[Records drawn from a dataset]
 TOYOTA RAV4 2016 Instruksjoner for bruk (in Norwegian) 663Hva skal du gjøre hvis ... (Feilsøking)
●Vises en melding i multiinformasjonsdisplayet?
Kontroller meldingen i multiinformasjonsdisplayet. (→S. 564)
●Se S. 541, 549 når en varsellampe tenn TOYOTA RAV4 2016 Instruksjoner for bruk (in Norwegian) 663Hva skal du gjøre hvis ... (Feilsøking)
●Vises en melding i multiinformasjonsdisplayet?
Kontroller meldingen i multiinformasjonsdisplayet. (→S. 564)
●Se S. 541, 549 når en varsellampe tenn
* * *
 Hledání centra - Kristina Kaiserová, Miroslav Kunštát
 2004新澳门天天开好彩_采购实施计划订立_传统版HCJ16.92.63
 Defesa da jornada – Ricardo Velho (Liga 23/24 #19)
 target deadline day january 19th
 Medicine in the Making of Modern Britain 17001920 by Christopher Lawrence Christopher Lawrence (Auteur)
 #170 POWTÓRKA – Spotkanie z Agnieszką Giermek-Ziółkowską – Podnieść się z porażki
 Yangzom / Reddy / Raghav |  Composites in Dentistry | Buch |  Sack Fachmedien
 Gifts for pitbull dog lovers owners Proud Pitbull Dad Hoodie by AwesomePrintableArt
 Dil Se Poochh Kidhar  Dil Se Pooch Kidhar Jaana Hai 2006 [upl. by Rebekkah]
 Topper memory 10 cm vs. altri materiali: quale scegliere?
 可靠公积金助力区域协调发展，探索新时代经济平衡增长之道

Work request:
Once a line of the records is found to contain "Instruksjoner", copy it out.

Solution to the exercise:
 TOYOTA RAV4 2016 Instruksjoner for bruk (in Norwegian) 663Hva skal du gjøre hvis ... (Feilsøking)
●Se S. 541, 549 når en varsellampe tenn TOYOTA RAV4 2016 Instruksjoner for bruk (in Norwegian) 663Hva skal du gjøre hvis ... (Feilsøking)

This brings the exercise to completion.